Born in Detroit, Michigan in 1950 and educated at Michigan State and Bowling Green State universities, Carolyn Forche is a prolific poet and translator. Her victory in the Yale Series of Younger Poets Competition with her debut collection 'Gathering the Tribes' signaled the emergence of a great talent, one whose poetic ability was confirmed with the publication of her second collection, 'The Country Between Us'. This collection, which was published with the help of and praised generously by Canadian novelist Margaret Atwood, explores the current political situation and its historic influences in El Salvador. The civil war that was going on there at the time led some to describe her as a political poet, though Forche herself has said that she prefers the term 'a poet who is politically engaged'. 'The Country Between Us' was awarded the Alice Fay di Castagnola prize, administered by the Poetry Society of America.
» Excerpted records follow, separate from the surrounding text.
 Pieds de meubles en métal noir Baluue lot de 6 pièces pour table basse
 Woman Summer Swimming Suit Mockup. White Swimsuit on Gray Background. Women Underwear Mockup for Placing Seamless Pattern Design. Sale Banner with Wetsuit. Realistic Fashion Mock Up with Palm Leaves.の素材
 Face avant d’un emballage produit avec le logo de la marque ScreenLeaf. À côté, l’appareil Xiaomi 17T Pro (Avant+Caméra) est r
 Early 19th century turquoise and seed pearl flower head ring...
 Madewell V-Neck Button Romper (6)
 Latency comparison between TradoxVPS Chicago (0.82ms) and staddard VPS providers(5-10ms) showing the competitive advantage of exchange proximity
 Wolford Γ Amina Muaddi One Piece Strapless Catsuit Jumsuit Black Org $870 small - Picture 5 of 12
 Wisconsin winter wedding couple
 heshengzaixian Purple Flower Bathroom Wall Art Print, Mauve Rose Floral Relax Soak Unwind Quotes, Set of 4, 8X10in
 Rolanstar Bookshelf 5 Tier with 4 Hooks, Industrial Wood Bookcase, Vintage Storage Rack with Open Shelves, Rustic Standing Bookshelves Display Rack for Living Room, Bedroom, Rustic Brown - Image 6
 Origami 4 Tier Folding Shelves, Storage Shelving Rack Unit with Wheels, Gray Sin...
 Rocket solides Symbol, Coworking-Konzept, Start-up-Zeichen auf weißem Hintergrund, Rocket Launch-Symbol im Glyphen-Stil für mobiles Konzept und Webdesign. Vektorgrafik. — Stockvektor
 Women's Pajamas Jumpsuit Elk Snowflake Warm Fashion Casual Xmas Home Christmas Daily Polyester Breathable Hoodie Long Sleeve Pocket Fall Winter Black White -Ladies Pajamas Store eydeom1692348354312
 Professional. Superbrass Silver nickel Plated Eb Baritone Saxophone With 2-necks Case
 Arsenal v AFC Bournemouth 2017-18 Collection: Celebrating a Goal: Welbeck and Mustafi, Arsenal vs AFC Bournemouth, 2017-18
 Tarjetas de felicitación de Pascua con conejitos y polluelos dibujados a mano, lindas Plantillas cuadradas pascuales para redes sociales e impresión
If 'The Country Between Us' was evidence of a humanitarian instinct in Forche's poetry, then her later work has proven this to be true. In 1993, she amassed and edited an anthology of writings called 'Against Forgetting', which gave voice to writers who had had to endure personal sacrifice, state interference and political instability in attempting to do their lawful work. She has also translated works by Mahmoud Darwish, the feted Palestinian poet, and Claribel Alegria, a Nicaraguan author.
Returning to religion many times in her work (Forche was brought up in a Roman Catholic family), Forche's poems are sensual and political, humanitarian and literary. An influential voice in America's literary circles, Forche's desire to expose truths and do so through such a unique form as a poetry is commendable.